Try it:
In your copy, include every entry exactly as written but no pictures.

Dataset entries
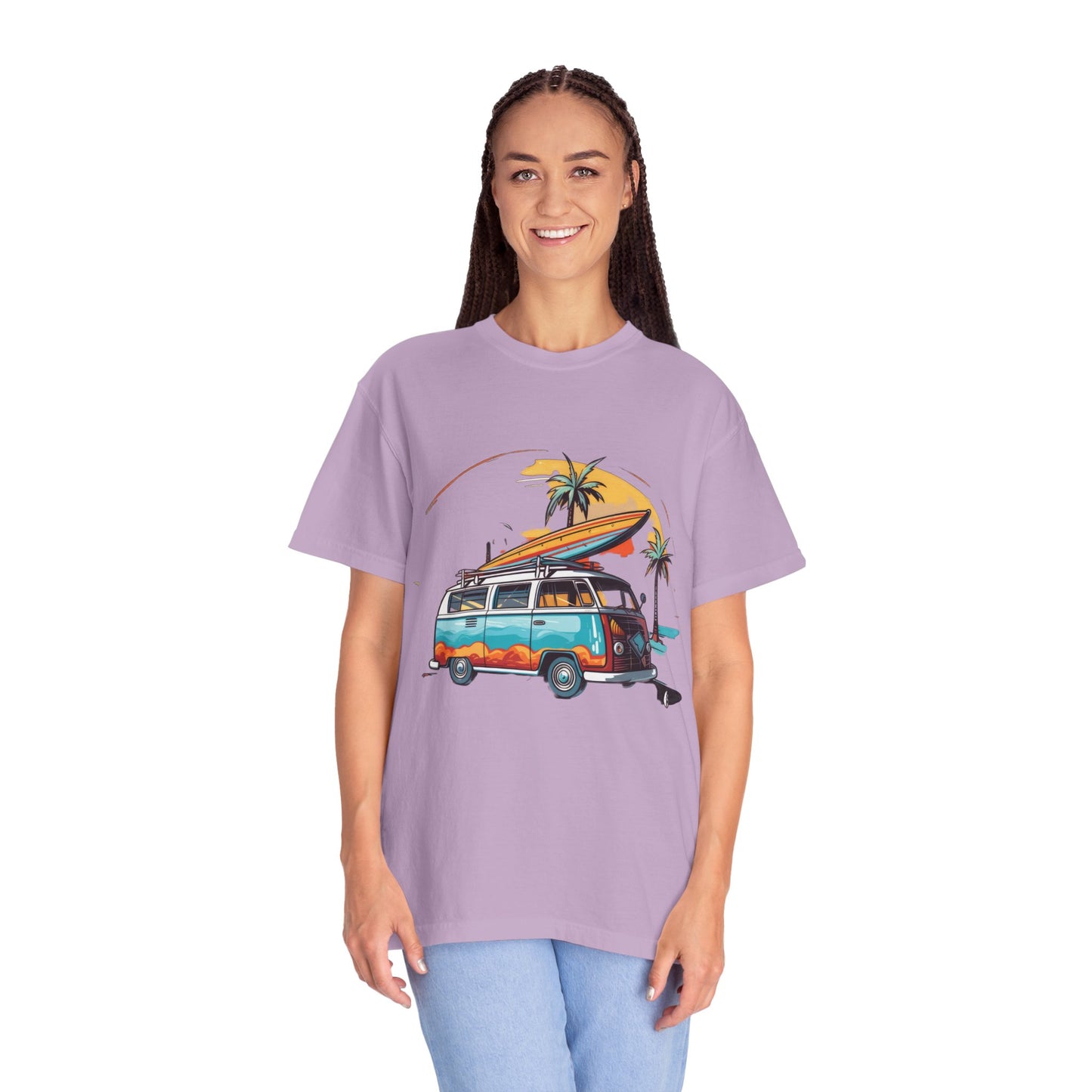 Retro Surf Van: Unisex Garment-Dyed T-shirt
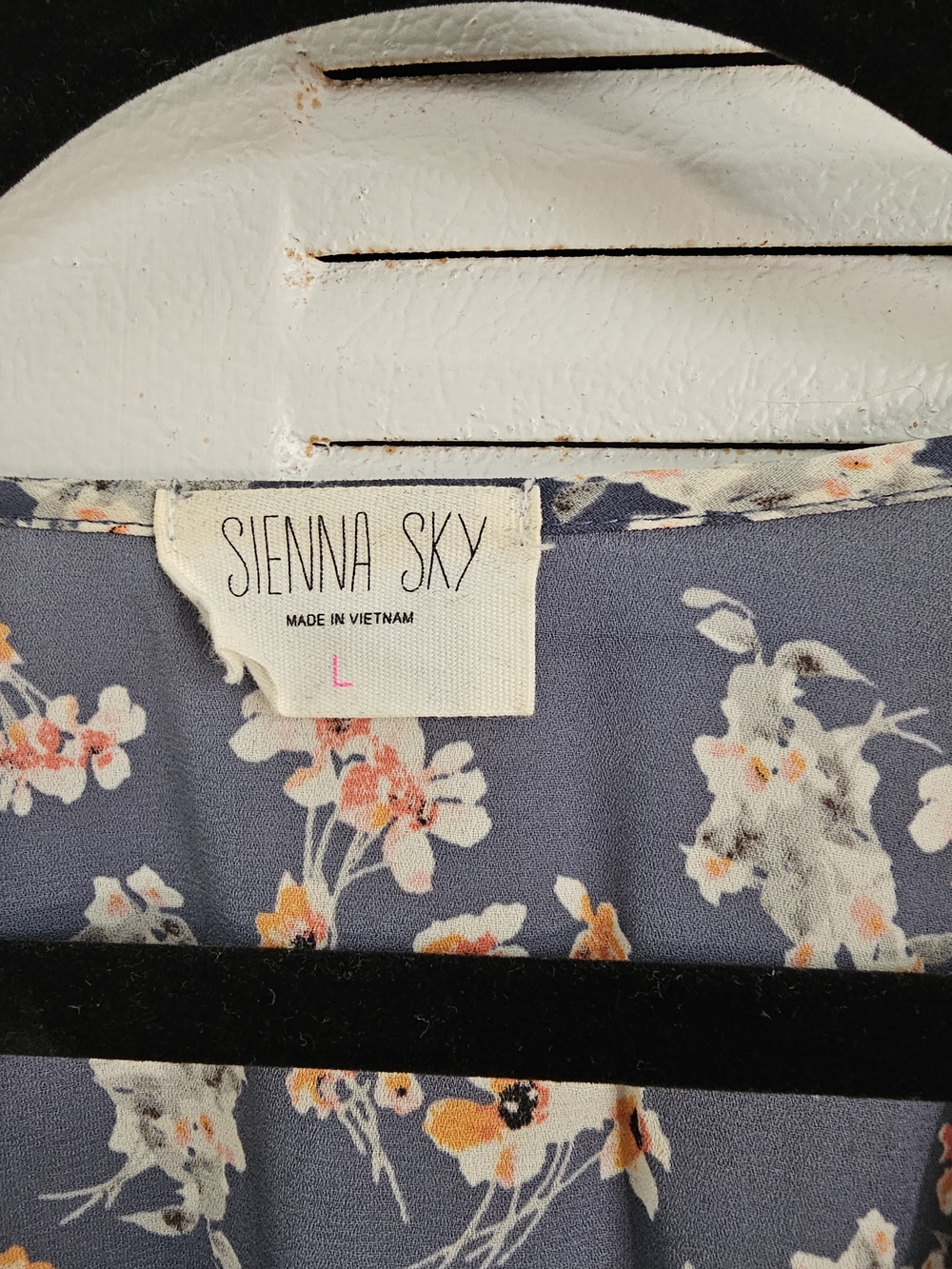 Sienna Sky Navy Floral V-Neck Peplum Blouse - Picture 2 of 4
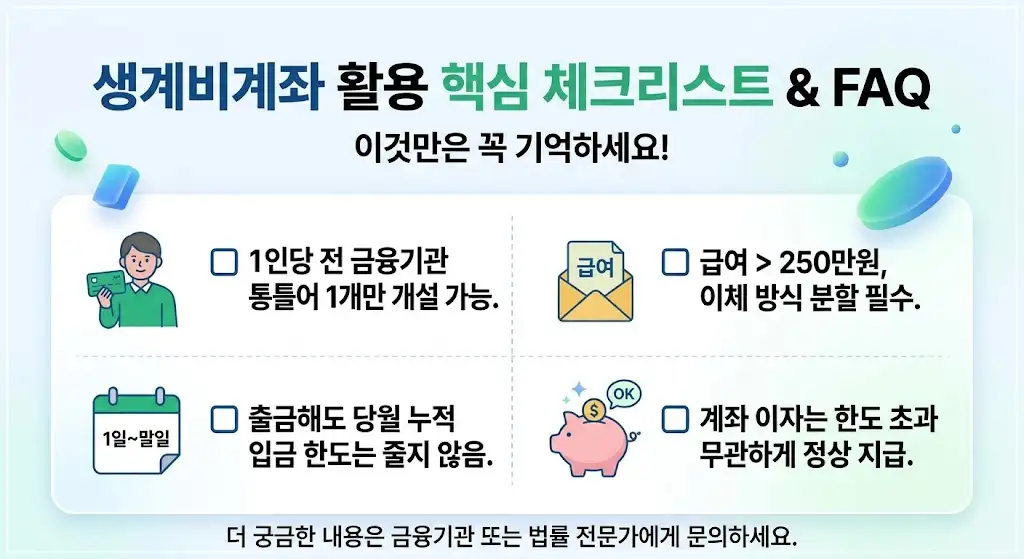 2026 생계비계좌 입금한도 250만원 체크카드 자동이체 급여 입금 가능할까?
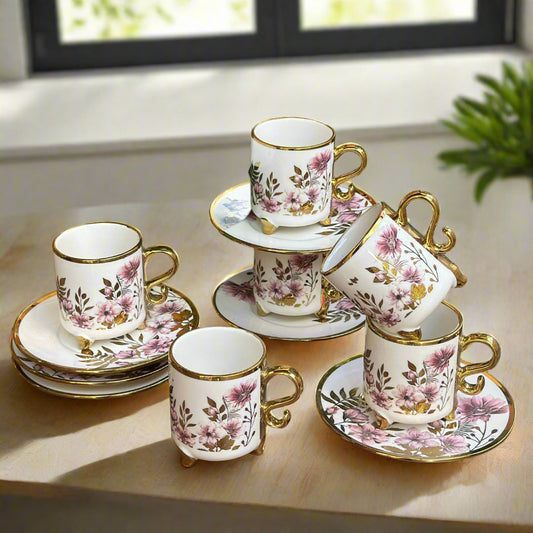 Inttox-☕🌸 Ensemble de tasses à café en porcelaine avec soucoupes – Motif floral doré élégant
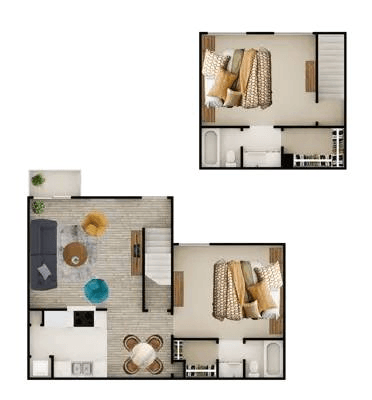 A floor plan of a two-bedroom apartment with a living room, kitchen, and bathroom.
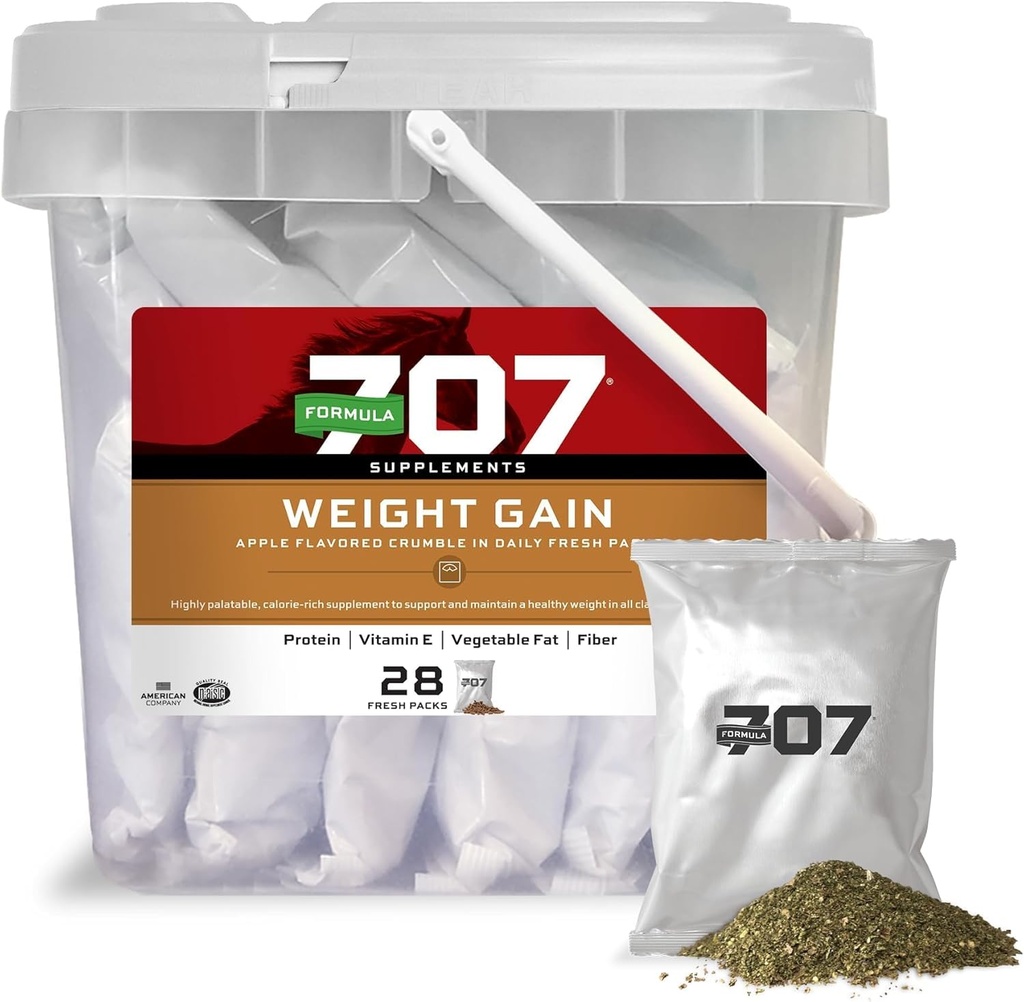 Fórmula 707 Suplemento Equino de Ganancia de Peso, Paquetes Frescos diarios, 28 Day Supply - Palatable, Calorie-Rich Nutritional Support for Hard-to-Keep and Senior Horses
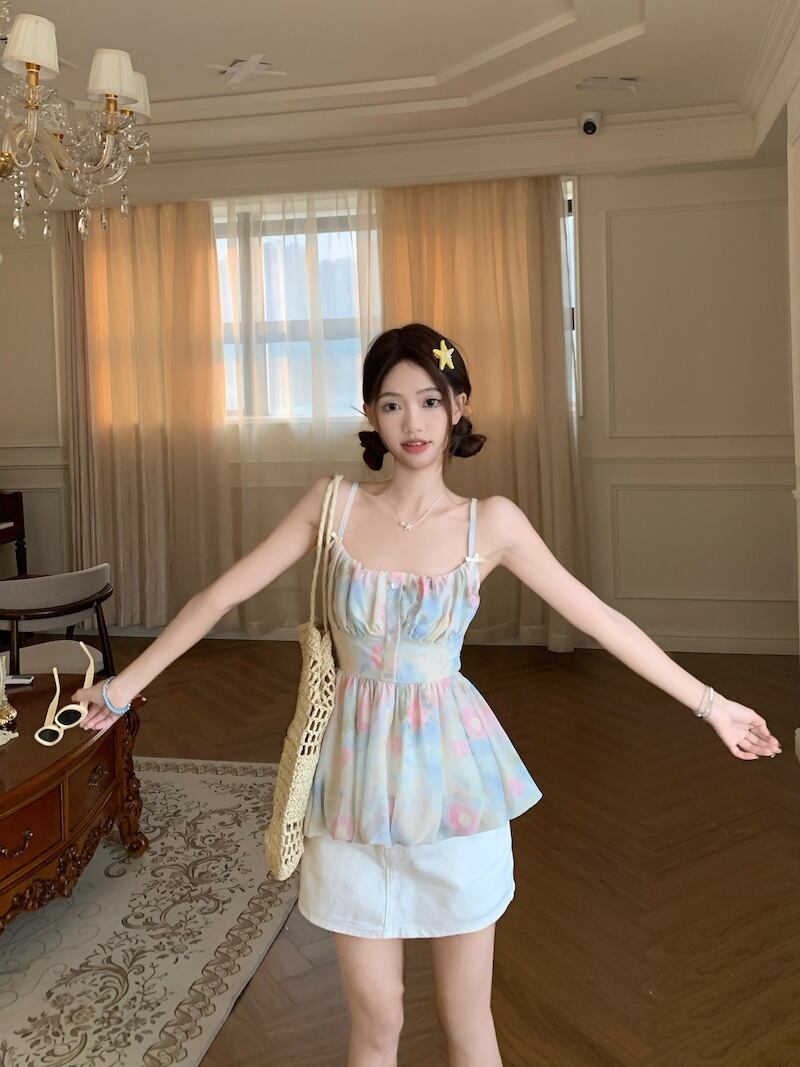 【tops】プリントキャミソール　M30569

Task result:
 Retro Surf Van: Unisex Garment-Dyed T-shirt
 Sienna Sky Navy Floral V-Neck Peplum Blouse - Picture 2 of 4
 2026 생계비계좌 입금한도 250만원 체크카드 자동이체 급여 입금 가능할까?
 Inttox-☕🌸 Ensemble de tasses à café en porcelaine avec soucoupes – Motif floral doré élégant
 A floor plan of a two-bedroom apartment with a living room, kitchen, and bathroom.
 Fórmula 707 Suplemento Equino de Ganancia de Peso, Paquetes Frescos diarios, 28 Day Supply - Palatable, Calorie-Rich Nutritional Support for Hard-to-Keep and Senior Horses
 【tops】プリントキャミソール　M30569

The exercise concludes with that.